1.3 A criminalização de jovens marginalizados:
A construção social do delinqüente menor de idade que pode ser verificada nos
processos de apuração de ato-infracional se constitui em um processo de criminalização da
de jovens em condição de marginalidade social. A “marginalização da criminalidade” e a
“criminalização da marginalidade”(Coelho, 2000), se constitui na conseqüência de uma
visão amplamente difundida em diversos segmentos sociais, que estabelece nexo causal
entre marginalidade social e criminalidade. Os indicadores de marginalidade social são a
pobreza decorrente do desemprego, subemprego, além de atributos como a baixa
escolaridade.
O crime comum violento, “violência das ruas”, se constitui em fator gerador de
medo para os cidadãos que vivem nos grandes centros urbanos. No senso comum, a
criminalidade urbana se encontra associada aos segmentos sociais marginalizados. Segundo
o autor, esta associação se constitui em uma “causalidade problemática” e o foco de seu
trabalho reside no questionamento da relação de causalidade entre marginalidade social e
criminalidade urbana.
As estatísticas oficiais que dão suporte ás análises que estabelecem nexo causal
entre marginalidade social e criminalidade registram os crimes conhecidos da polícia e as
prisões efetuadas têm reduzido grau de validade, pois obscurecem o fato de que existem
diversos fatores sociais que se encontram presentes no processo de reação social ao crime.

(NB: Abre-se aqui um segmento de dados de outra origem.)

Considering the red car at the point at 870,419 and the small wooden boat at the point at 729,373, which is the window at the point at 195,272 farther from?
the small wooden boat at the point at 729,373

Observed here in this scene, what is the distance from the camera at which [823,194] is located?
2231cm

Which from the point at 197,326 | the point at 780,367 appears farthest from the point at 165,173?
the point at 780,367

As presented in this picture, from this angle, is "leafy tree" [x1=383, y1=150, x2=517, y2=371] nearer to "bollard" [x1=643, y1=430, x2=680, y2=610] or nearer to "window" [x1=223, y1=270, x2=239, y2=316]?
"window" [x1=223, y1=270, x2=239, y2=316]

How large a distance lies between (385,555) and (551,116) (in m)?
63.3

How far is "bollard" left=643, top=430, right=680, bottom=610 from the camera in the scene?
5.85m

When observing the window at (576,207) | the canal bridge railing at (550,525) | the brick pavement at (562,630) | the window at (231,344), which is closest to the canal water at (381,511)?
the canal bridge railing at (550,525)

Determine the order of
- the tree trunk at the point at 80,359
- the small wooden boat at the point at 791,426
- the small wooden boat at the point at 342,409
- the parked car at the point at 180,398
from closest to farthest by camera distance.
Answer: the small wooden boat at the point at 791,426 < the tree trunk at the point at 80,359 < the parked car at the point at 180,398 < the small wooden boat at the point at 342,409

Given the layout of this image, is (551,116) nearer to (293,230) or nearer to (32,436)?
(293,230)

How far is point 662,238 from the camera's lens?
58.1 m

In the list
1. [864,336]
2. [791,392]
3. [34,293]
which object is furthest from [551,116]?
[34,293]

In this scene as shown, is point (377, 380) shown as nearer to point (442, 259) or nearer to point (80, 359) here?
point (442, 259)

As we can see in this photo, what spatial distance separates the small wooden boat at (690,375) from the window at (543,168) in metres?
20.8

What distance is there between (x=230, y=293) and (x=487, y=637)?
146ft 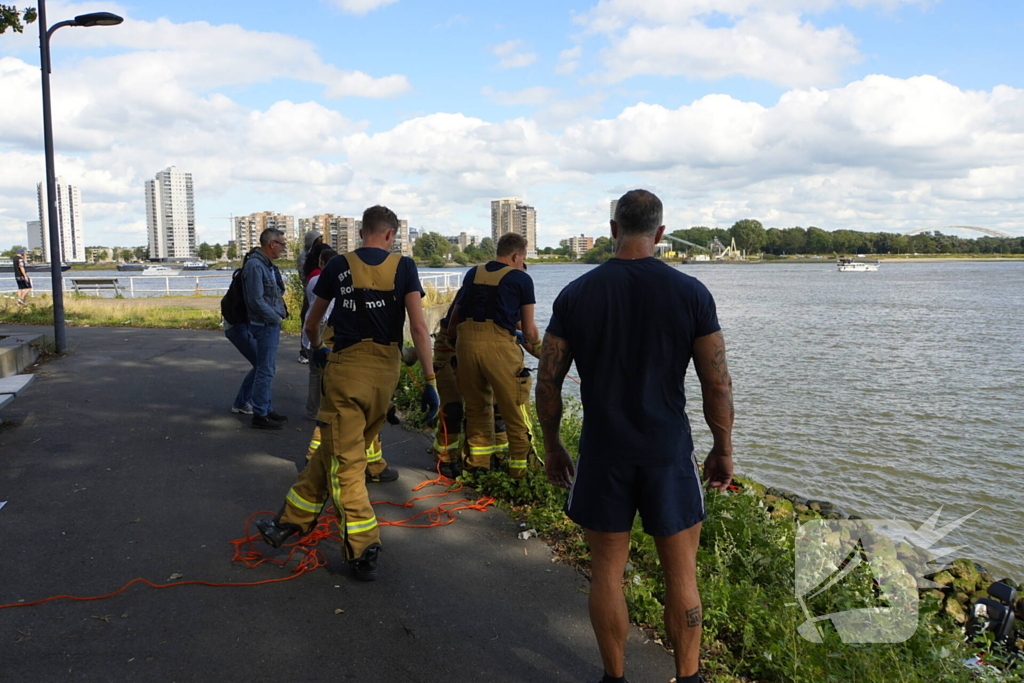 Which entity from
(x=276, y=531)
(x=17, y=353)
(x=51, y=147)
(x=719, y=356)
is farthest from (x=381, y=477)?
(x=51, y=147)

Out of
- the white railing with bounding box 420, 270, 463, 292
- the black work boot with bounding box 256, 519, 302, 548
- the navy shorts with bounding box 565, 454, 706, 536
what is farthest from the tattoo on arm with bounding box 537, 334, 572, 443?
the white railing with bounding box 420, 270, 463, 292

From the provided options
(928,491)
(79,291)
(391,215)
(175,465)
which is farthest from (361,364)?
(79,291)

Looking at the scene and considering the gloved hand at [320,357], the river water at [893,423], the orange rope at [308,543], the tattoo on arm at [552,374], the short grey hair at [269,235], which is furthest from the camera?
the river water at [893,423]

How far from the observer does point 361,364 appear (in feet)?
14.7

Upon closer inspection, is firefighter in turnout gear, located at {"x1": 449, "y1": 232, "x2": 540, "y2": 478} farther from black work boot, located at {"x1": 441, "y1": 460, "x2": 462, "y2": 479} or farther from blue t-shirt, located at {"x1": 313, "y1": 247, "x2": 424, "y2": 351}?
blue t-shirt, located at {"x1": 313, "y1": 247, "x2": 424, "y2": 351}

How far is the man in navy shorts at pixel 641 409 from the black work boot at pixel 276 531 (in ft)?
7.22

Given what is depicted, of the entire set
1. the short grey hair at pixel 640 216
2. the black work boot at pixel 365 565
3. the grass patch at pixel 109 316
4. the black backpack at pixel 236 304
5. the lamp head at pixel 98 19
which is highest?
the lamp head at pixel 98 19

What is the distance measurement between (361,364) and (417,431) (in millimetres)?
3690

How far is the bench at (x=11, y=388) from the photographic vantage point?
7.06 meters

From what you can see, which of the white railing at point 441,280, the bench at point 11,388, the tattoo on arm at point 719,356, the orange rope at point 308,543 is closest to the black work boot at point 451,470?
the orange rope at point 308,543

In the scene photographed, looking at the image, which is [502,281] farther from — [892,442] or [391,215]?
[892,442]

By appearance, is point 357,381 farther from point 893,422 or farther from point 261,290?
point 893,422

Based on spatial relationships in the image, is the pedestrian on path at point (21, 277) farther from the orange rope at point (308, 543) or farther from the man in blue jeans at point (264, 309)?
the orange rope at point (308, 543)

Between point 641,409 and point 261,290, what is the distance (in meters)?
5.50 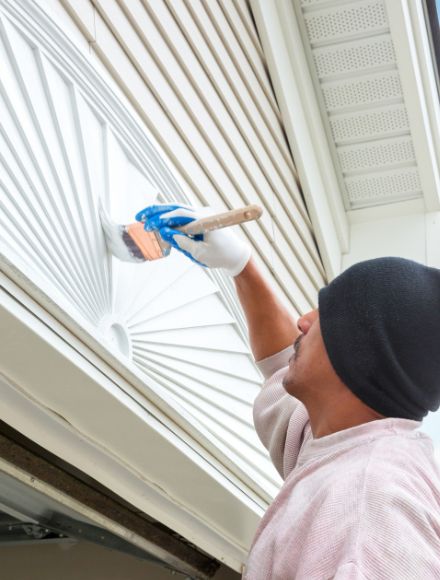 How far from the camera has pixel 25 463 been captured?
1.90 metres

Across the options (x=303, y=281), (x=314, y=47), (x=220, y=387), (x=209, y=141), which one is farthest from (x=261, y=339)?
(x=314, y=47)

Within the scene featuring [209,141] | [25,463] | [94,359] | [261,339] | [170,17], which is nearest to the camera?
[94,359]

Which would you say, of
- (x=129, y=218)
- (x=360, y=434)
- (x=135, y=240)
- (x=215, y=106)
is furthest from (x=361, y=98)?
(x=360, y=434)

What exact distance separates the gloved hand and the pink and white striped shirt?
1.76 ft

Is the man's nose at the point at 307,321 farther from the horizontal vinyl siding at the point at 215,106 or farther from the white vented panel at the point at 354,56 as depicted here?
the white vented panel at the point at 354,56

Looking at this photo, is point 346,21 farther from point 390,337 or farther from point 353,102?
point 390,337

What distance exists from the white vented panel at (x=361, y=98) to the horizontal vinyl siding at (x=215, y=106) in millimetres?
375

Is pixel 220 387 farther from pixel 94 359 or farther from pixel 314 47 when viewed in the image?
pixel 314 47

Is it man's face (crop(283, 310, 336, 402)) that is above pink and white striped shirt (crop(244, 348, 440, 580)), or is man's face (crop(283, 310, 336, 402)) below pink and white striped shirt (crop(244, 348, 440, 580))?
above

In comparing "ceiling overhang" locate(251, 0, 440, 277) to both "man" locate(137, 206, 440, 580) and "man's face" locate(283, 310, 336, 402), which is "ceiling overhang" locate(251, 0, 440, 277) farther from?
"man's face" locate(283, 310, 336, 402)

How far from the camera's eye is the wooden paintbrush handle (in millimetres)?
1857

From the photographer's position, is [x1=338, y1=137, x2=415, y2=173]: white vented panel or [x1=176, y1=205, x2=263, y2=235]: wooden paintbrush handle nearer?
[x1=176, y1=205, x2=263, y2=235]: wooden paintbrush handle

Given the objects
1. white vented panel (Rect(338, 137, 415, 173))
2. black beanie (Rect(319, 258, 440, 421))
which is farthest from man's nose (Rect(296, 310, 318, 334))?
white vented panel (Rect(338, 137, 415, 173))

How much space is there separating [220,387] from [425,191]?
2.21 meters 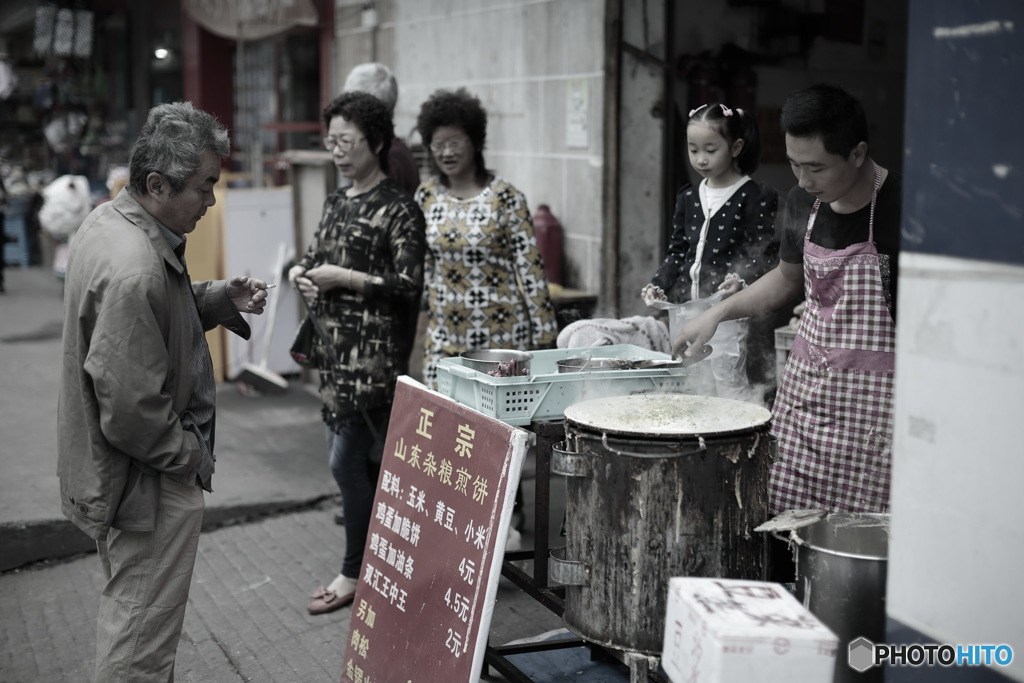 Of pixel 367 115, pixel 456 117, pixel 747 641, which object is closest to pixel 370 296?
pixel 367 115

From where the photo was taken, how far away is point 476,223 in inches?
192

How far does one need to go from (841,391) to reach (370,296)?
216 cm

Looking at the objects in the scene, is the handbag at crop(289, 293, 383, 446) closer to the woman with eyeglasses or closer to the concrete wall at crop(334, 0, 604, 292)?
Result: the woman with eyeglasses

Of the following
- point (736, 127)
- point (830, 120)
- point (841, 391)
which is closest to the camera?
point (830, 120)

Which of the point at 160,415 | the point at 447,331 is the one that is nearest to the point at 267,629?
the point at 447,331

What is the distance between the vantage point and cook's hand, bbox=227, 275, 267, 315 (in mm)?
3758

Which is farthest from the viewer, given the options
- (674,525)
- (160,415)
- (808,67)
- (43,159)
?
(43,159)

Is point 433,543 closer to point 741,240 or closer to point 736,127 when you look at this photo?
point 741,240

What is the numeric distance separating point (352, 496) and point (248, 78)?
31.0ft

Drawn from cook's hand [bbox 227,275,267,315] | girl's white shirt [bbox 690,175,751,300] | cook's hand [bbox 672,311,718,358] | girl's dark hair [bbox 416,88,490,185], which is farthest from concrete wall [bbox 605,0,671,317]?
cook's hand [bbox 227,275,267,315]

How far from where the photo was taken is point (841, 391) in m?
3.30

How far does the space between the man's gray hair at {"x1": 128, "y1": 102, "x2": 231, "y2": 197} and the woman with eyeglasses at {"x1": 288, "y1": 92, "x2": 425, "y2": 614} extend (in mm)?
1383

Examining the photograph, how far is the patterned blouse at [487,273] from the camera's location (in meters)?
4.91

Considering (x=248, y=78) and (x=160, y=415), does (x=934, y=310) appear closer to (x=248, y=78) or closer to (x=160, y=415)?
(x=160, y=415) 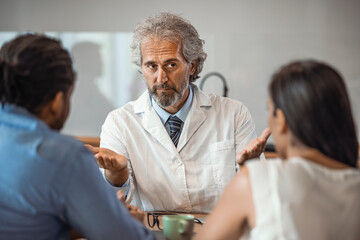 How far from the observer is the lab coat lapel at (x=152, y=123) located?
2.04 meters

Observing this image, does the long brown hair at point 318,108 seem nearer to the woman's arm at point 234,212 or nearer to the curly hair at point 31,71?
the woman's arm at point 234,212

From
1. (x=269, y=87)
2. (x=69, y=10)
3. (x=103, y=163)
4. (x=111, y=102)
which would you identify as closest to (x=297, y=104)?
(x=269, y=87)

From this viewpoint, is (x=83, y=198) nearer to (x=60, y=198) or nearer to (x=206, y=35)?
(x=60, y=198)

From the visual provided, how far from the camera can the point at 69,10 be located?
450cm

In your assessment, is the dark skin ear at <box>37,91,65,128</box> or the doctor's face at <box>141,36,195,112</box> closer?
the dark skin ear at <box>37,91,65,128</box>

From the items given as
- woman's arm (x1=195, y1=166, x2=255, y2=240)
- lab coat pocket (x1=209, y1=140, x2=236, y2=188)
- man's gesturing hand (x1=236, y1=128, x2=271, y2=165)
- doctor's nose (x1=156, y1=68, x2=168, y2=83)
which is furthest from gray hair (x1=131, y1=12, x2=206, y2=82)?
woman's arm (x1=195, y1=166, x2=255, y2=240)

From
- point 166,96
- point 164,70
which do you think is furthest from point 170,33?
point 166,96

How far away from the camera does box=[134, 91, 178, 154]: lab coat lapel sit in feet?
6.68

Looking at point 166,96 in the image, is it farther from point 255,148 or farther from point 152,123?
point 255,148

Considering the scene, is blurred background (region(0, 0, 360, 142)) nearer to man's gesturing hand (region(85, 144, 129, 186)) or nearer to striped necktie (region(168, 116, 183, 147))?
striped necktie (region(168, 116, 183, 147))

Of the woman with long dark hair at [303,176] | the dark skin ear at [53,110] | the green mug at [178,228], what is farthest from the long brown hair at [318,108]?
the dark skin ear at [53,110]

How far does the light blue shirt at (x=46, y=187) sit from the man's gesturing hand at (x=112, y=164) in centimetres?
54

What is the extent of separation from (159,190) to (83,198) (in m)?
0.94

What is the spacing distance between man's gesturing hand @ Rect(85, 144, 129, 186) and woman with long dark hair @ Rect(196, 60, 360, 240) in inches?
24.3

Um destes aspectos que pode ser ressaltado refere-se, por exemplo, ao processo de
estigmatização de determinados grupos sociais que se tornam os alvos preferências da ação
policial:
“Também os estereótipos que os policiais têm do criminoso ou
infrator contumaz das leis constituem referências importantes para sua
atuação; e como indivíduos de status sócio-econômico baixo são aqueles
que mais se ajustam a estes estereótipos, são eles que constituem os alvos
por excelência da ação policial, seja esta o mero uso da violência ou
detenção.” (Coelho, 1978, pág 153)
28
Vale ressaltar que o autor afirma que o tratamento discriminatório aos portadores de
atributos de marginalidade social ocorre também nas outras etapas do tratamento judicial do
delito. A criminalização de indivíduos pela aplicação de estereótipos ocorre também nos
tribunais. Analisando pesquisas da época em que publicou seu trabalho, Coelho afirma que:
“Dados relativos às etapas subseqüentes do funcionamento do
sistema criminal padecem dos mesmos vícios .....Inúmeras pesquisas têm
produzido evidências de que as probabilidades de um indivíduo receber
tratamento discriminatório mais severo em qualquer destas etapas não são
distribuídos aleatoriamente”. (Coelho, 1978, pág 154 )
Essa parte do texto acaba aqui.